Trump has argued that regulations aimed at limiting greenhouse gas emissions would hobble the U.S. economy. He has moved to undo the Obama administration’s proposed rules on carbon dioxide emissions from power plants and efficiency standards for vehicles and appliances, among others.

Critics question whether those regulations would cost as much Trump suggests.

“None of these policies were going to have dramatic increases in the prices that consumers would see,” Duke University public policy professor Billy Pizer said. He added that normal price swings would likely swamp the cost of the regulations Trump targets.

The emissions reductions the Obama administration pledged in Paris “were built largely on a continuation of the coal-to-gas transition and a continuation of growth in renewable energy that’s already happening,” said Alex Trembath of the Breakthrough Institute research center. As such, he added, they “don’t imply a large cost. In fact, they imply a marginal increased benefit to the U.S.”

Those benefits come, for example, because burning less coal produces less air pollution, which lowers health costs.

Not to mention the direct results of climate change: wildfires, floods, droughts and so on.

“We have enough science and enough economics to show that there are damages resulting from us releasing CO2 into the atmosphere. We know that that is not a free thing,” University of Chicago public policy professor Amir Jina said. “And yet, we are artificially setting it as free because we’re not paying the price of that externality.”

He said economists nearly unanimously support a carbon tax, a cap-and-trade program or some other way to put a price on carbon emissions.

Collective action

Few nations have taken the necessary steps to meet the emissions reduction pledges they made in Paris, according to the most recent United Nations emissions gap report.

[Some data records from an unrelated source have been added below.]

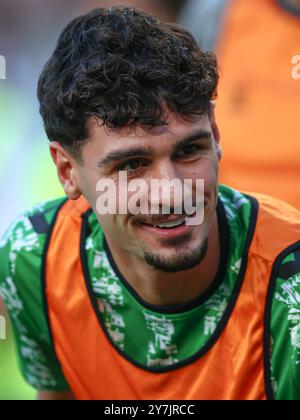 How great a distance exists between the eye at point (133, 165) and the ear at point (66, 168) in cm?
18

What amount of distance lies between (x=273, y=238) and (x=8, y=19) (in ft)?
9.90

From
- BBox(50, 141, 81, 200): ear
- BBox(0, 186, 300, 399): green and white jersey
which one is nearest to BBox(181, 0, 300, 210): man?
BBox(0, 186, 300, 399): green and white jersey

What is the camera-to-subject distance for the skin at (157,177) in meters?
1.62

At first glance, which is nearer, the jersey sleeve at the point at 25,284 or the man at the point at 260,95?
the jersey sleeve at the point at 25,284

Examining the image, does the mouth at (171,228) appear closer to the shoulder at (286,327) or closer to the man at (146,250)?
the man at (146,250)

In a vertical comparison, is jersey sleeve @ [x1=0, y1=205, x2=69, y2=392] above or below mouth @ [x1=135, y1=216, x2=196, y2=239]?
below

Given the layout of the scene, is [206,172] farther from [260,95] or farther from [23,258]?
[260,95]

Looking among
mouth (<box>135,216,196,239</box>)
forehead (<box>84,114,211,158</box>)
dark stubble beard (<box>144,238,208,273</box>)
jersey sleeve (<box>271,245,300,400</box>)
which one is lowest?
jersey sleeve (<box>271,245,300,400</box>)

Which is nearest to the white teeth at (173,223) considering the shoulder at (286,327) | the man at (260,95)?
the shoulder at (286,327)

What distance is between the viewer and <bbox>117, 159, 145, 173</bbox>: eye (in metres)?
1.64

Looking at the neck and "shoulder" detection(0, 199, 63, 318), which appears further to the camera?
"shoulder" detection(0, 199, 63, 318)

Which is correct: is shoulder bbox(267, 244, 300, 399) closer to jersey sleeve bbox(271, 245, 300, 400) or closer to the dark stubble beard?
jersey sleeve bbox(271, 245, 300, 400)

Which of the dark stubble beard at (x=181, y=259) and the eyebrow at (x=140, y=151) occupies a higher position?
the eyebrow at (x=140, y=151)

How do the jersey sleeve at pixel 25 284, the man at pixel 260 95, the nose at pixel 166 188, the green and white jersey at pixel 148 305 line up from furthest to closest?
the man at pixel 260 95
the jersey sleeve at pixel 25 284
the green and white jersey at pixel 148 305
the nose at pixel 166 188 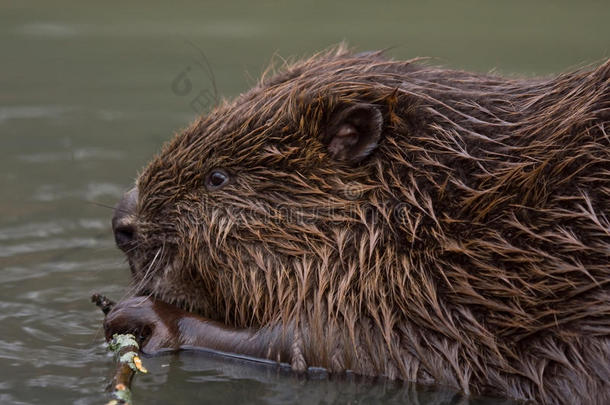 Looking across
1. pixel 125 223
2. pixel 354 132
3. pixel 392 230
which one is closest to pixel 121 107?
pixel 125 223

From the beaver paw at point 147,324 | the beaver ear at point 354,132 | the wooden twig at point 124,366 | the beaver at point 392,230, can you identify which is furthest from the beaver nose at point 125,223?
the beaver ear at point 354,132

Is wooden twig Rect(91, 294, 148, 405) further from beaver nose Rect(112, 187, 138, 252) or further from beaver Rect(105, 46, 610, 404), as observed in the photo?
beaver nose Rect(112, 187, 138, 252)

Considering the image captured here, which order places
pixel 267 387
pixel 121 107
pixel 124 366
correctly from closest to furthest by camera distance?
pixel 124 366, pixel 267 387, pixel 121 107

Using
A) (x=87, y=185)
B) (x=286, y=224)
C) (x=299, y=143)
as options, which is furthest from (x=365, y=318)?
(x=87, y=185)

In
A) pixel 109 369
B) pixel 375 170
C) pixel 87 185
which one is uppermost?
pixel 87 185

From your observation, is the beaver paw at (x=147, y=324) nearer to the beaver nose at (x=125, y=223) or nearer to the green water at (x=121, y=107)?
the green water at (x=121, y=107)

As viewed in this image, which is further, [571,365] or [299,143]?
[299,143]

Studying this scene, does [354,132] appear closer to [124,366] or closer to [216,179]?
[216,179]

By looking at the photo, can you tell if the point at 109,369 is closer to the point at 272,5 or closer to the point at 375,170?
the point at 375,170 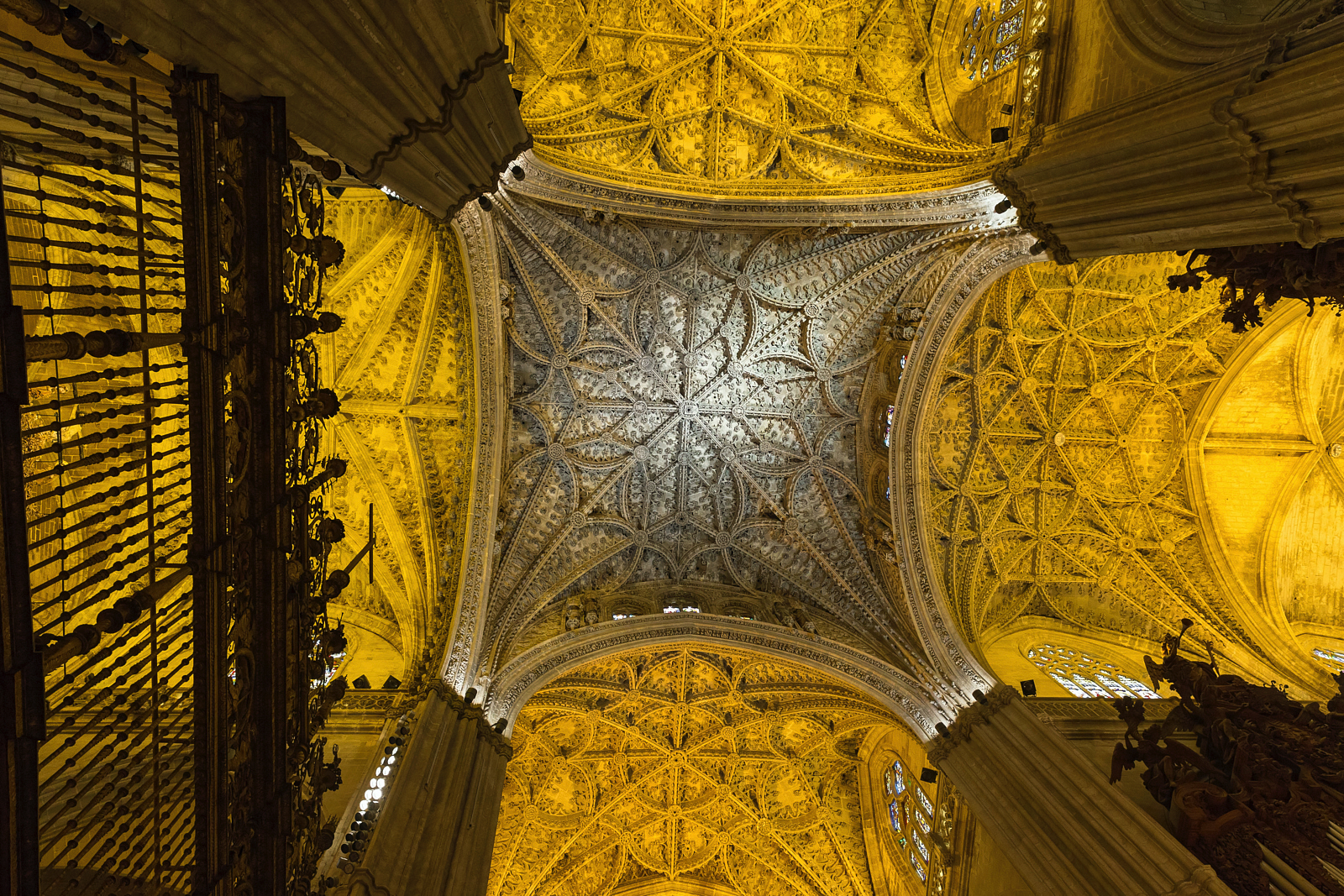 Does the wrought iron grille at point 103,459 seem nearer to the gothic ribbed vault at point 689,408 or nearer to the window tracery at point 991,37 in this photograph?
the gothic ribbed vault at point 689,408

Even those pledges would fall far short of the Paris goal of limiting global warming below 2 degrees Celsius, the report adds. Reaching that target will take “unprecedented and urgent action.” A 2016 report said an additional $5.2 trillion investment in renewable energy will be necessary worldwide over the next 25 years.

Trump’s statement — “we’re going to be clean, but they’re not, and it costs a lot of money” — sums up why nations are reluctant to act: no one wants to take on burdens that they think others won’t.

“It’s the thing which has been dogging action on climate change for generations,” Jina said.

“We only really solve the problem if everybody acts together,” he added. “And if enough people are not acting, then we don’t.”

Paris depends on countries following through on increasingly ambitious emissions cuts.

Each country decides what it is willing to do. Every five years, countries come together and show their progress.

“You over time build confidence in each other,” Pizer said. “Ideally, you ratchet up the commitments as you see your actions reciprocated by other countries.”

Trump’s backpedaling on the U.S. commitment raises questions about the prospects.

However, the first of these check-ins is five years away. Trump can’t formally withdraw the United States from the agreement until 2020.

Pizer notes that the predecessor to the Paris Agreement, the Kyoto Protocol, failed in part because it imposed caps on countries’ carbon emissions, and most of the world balked.

“In my mind, this is the best we can do,” he said. “If there were a different way to do it, I’d be all over that.”